(Input material):

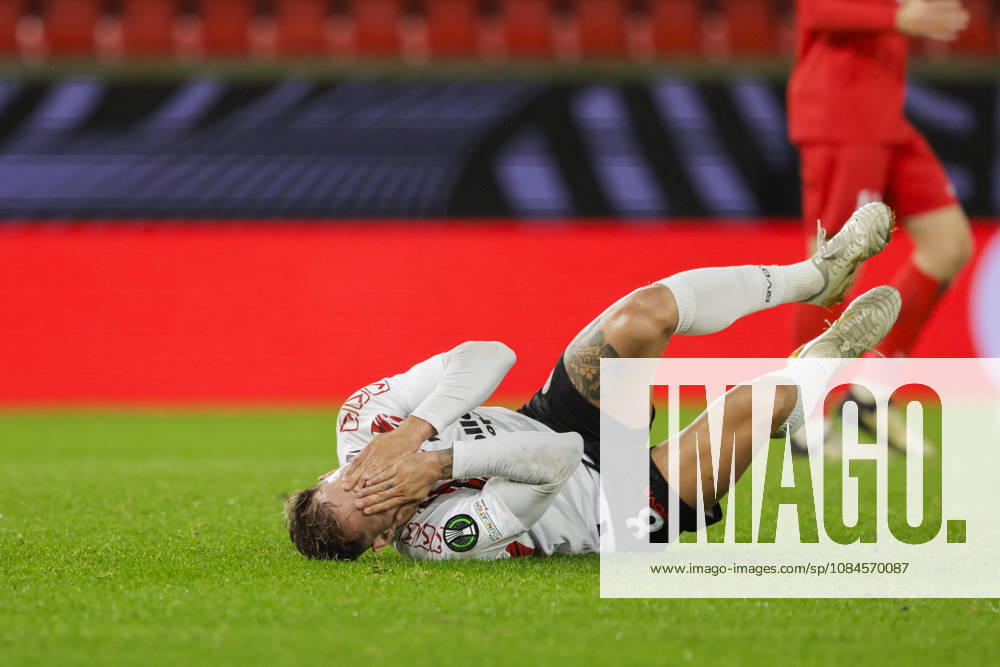 Soccer, Conference League 2026 Brann Lincoln Red Imps Bergen 20261015 Lincoln Red Imps Mandi lies on the ground during the Conference League soccer match between SK Brann and Lincoln Red Imps at Brann Stadium. Photo: Paul S. Amundsen, NTB, Bergen, Norway. . RESTRICTED USE BY BETTING COMPANIES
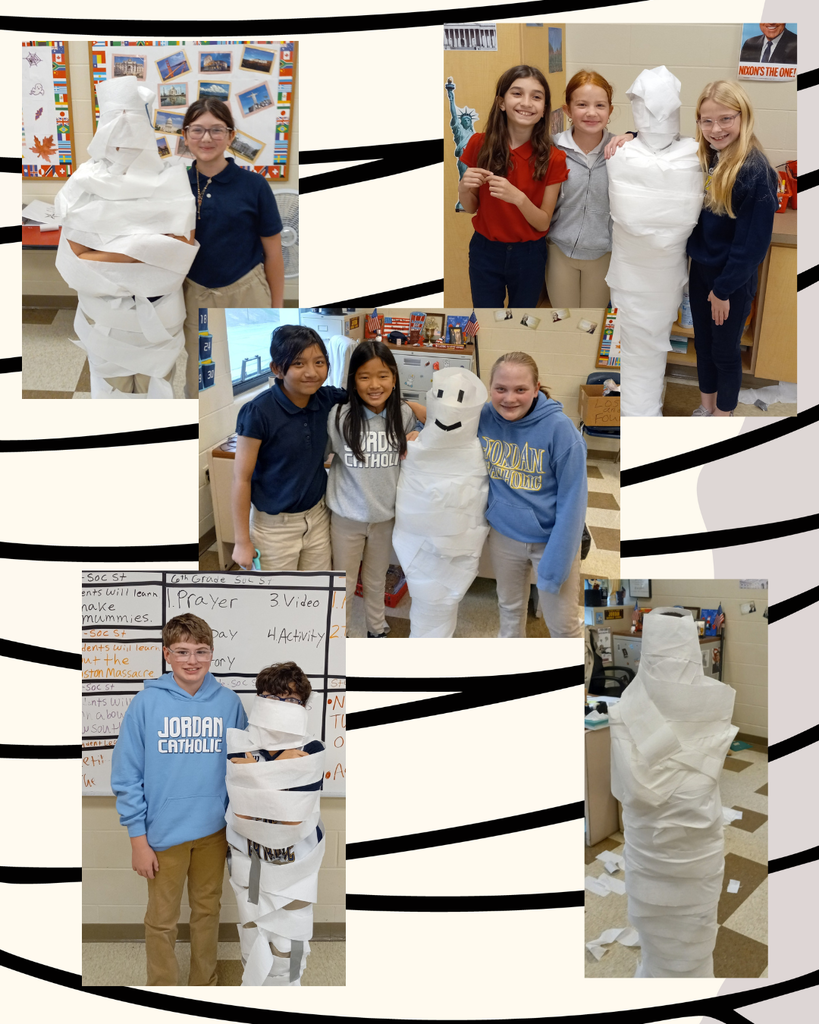 photo collage of students wrapping each other up like mummies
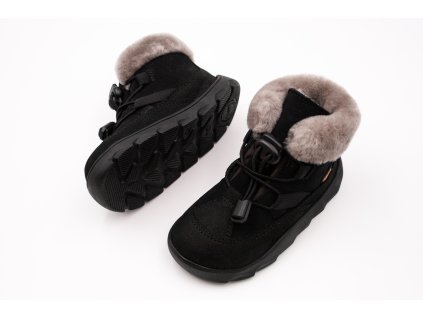 DETSKÉ BAREFOOT ZIMNÉ TOPÁNKY FRODDO ZERU TEX COSY - BLACK (Veľkosť 24, Vnútorná dĺžka  topánky v cm 15.5, Vnútorná šírka topánky v cm 6.4)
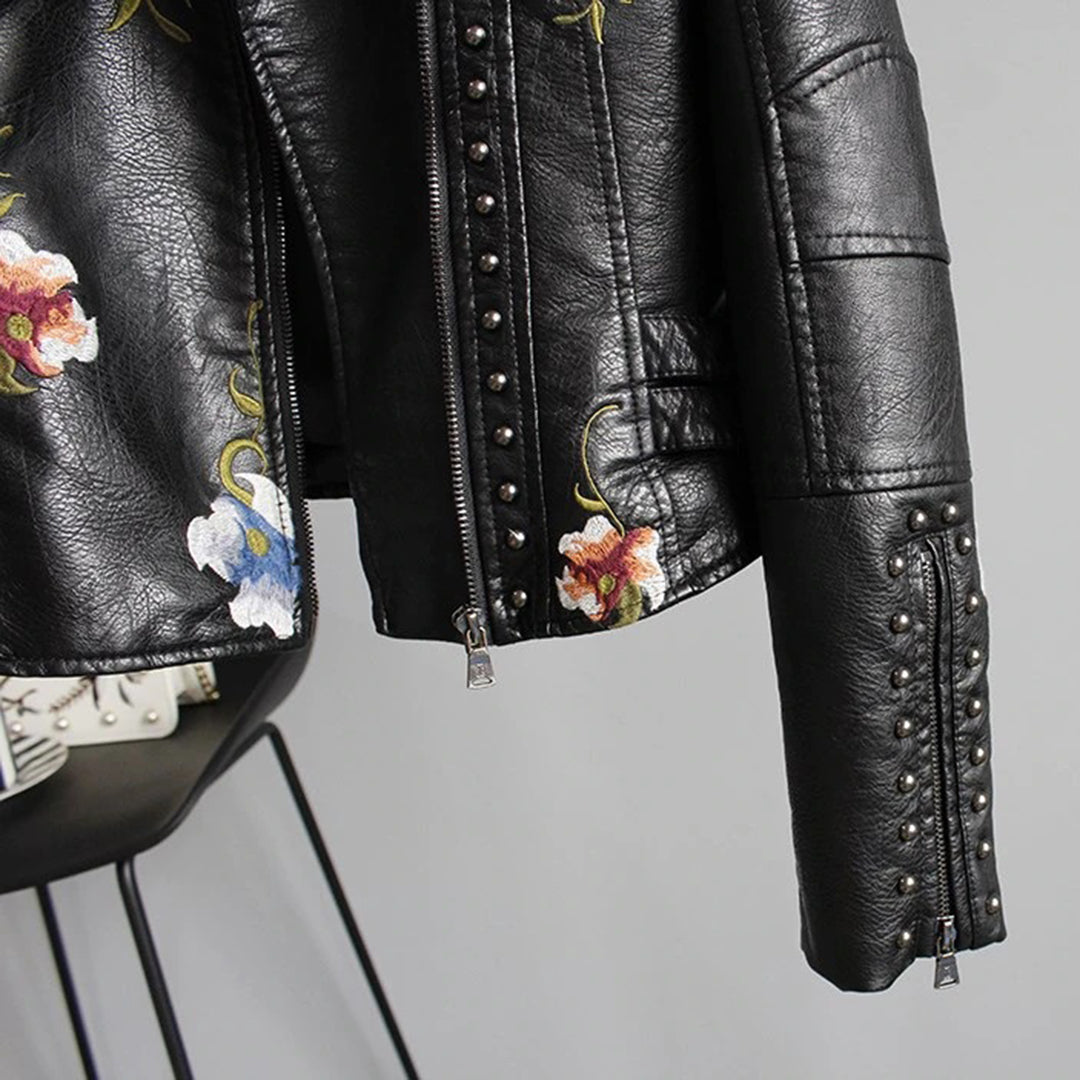R&B | Bikerjacke - Imitationsleder - Florale Stickerei - Nieten Details - Asymmetrischer Reißverschluss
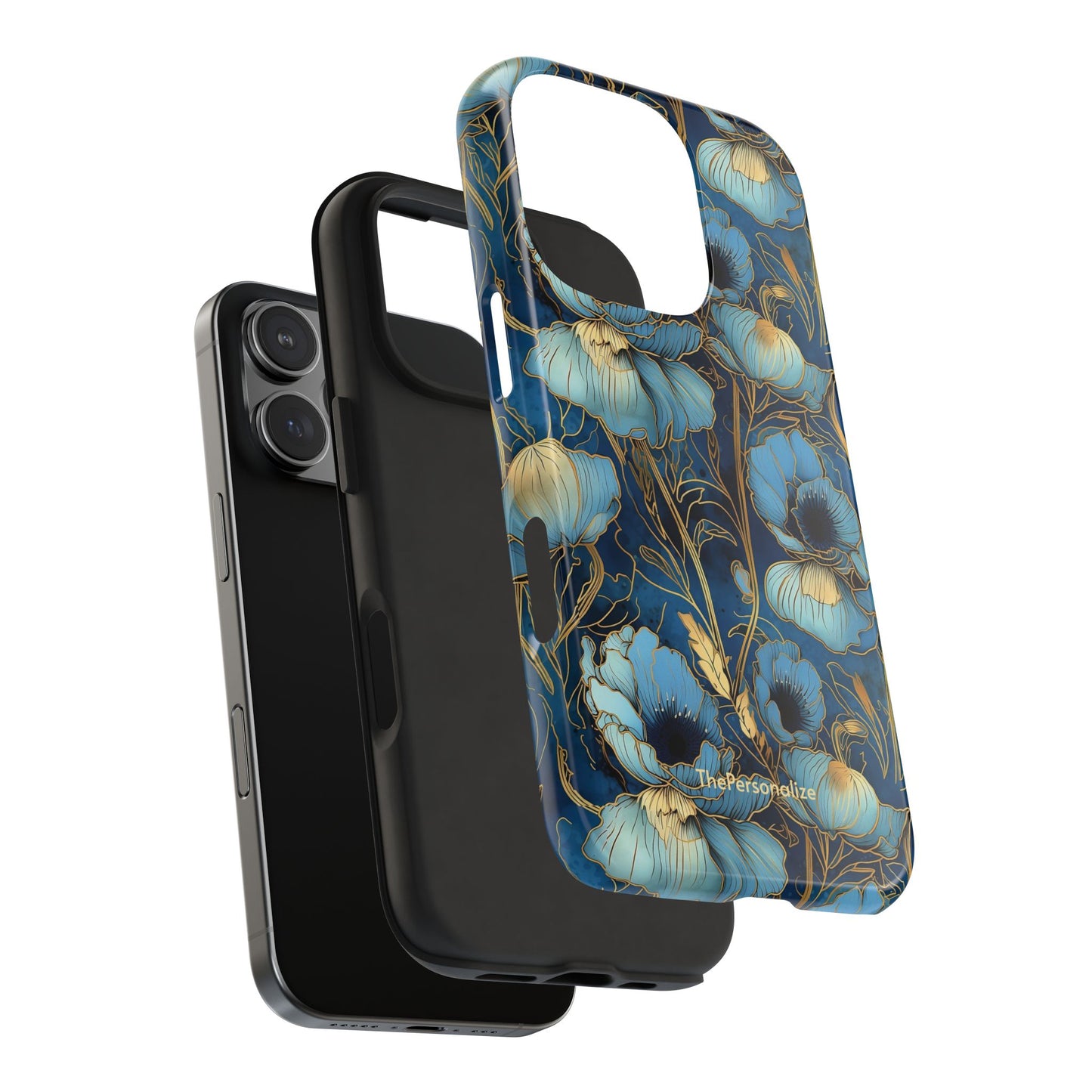 Elegant Blue & Gold Floral Phone Case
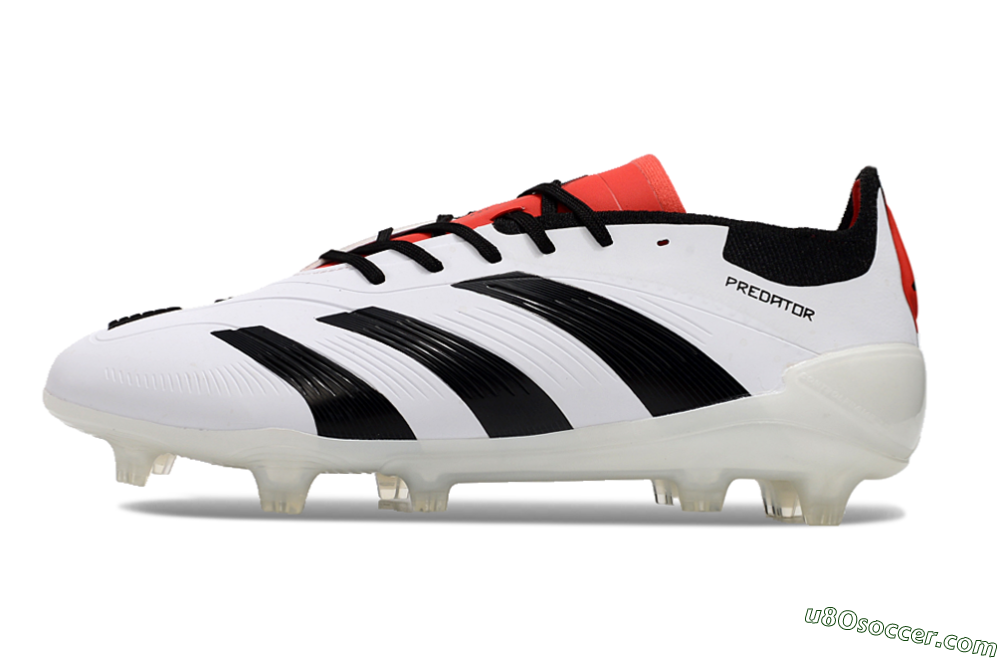 Adidas Predator 24 Elite FG Firm Ground Soccer Cleats - White/Black/Red 2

(Problem to work on): Before answering, please find the line containing "DETSKÉ BAREFOOT ZIMNÉ" above, then copy exactly from it through the last line of the entries, both included, without pictures.

(Problem solution):
 DETSKÉ BAREFOOT ZIMNÉ TOPÁNKY FRODDO ZERU TEX COSY - BLACK (Veľkosť 24, Vnútorná dĺžka  topánky v cm 15.5, Vnútorná šírka topánky v cm 6.4)
R&B | Bikerjacke - Imitationsleder - Florale Stickerei - Nieten Details - Asymmetrischer Reißverschluss
 Elegant Blue & Gold Floral Phone Case
 Adidas Predator 24 Elite FG Firm Ground Soccer Cleats - White/Black/Red 2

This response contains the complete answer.